Il est malheureusement assez facile, pour un esprit malhonnête et manipulateur, de faire croire, en isolant de leur contexte quelques citations, que Jaurès serait un nationaliste qui, comme le proclamait une affiche du FN il y a quelques années, « voterait front national » ! Jaurès, en son temps, s’était pourtant plusieurs fois exprimé très clairement sur le « chauvinisme imbécile et bas » de ces « misérables patriotes qui, pour aimer et servir la France, ont besoin de la préférer. »
Et avait à de nombreuses reprises dénoncé « l’antisémitisme et le nationalisme [qui] ont tenté de détourner au profit de la réaction l’idée du socialisme et l’idée de la patrie et ont égaré une partie du prolétariat ».
Quand elles ne déforment pas les convictions de Jaurès, les citations courtes comportent un autre risque : celui de n’être plus que des formules élégantes certes mais assez incompréhensibles. En témoigne bien ces phrases célèbres – l’une des citations les plus publiées de Jaurès : « Un peu d’internationalisme éloigne de la patrie ; beaucoup d’internationalisme y ramène. Un peu de patriotisme éloigne de l’Internationale ; beaucoup de patriotisme y ramène. »
Nous avons donc choisi ici, plutôt que quelques citations courtes, de rappeler synthétiquement les principales convictions de Jaurès concernant cette question du patriotisme et du nationalisme. Avec à chaque fois quelques extraits permettant de restituer dans leur contexte certaines formules célèbres. Et des liens offrant au lecteur intéressé le chemin pour aller lire l’intégralité d’articles ou de discours consacrés à ces thématiques.
La patrie, l’histoire, l’enfance…
Premier point à rappeler : Jaurès aime son pays, sa région natale – il leur est lié par ce qu’il définit comme « un fonds indivisible d’impressions, d’images, de souvenirs, d’émotions ». Mais il les aime sans chauvinisme, sans esprit de clocher. Il n’est pas de ces « imbéciles heureux qui sont nés quelque part » que déteste aussi Brassens… Il n’a pas besoin (cf. le texte déjà cité au début) de rabaisser les autres pays ou les autres régions pour aimer celui qu’il aime, celle où il a passé son enfance.
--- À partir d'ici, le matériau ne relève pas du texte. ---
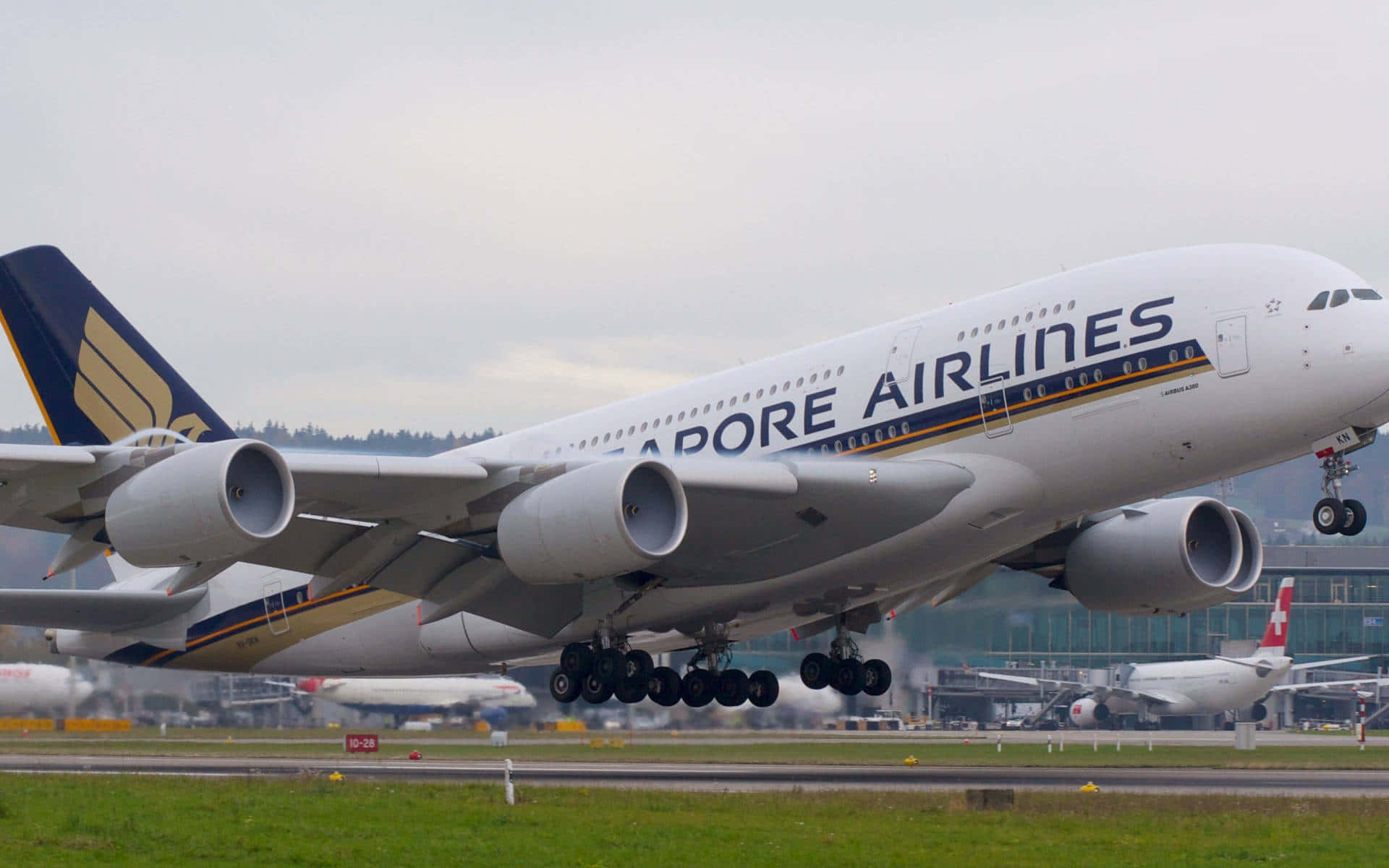 新加坡航空A380客機起飛 壁紙 — 一架新加坡航空空中巴士A380客機放下起落架，在陰天嘅機場濕滑跑道上滑行。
Jaurès possède donc cet attachement, affectif, personnel ; qu’il sait être lié aussi à ce que le pays porte de son histoire et des idées qui s’y sont inscrites : en cela, la France est pour lui la nation de la Révolution française…
« 1792 – La patrie est en danger : la patrie, c’est-à-dire la France révolutionnaire ; et cette patrie commune de tous les révolutionnaires, de tous les citoyens qui veulent être libres, tous les révolutionnaires, tous les citoyens ont le devoir de la défendre : ils en ont le droit. »
… la France est pour lui la patrie de la République sociale, de cette République qui contient en elle le socialisme, cette République qui a donné aux citoyens le pouvoir dans l’ordre politique et doit maintenant leur donner le pouvoir et l’autonomie dans l’ordre économique.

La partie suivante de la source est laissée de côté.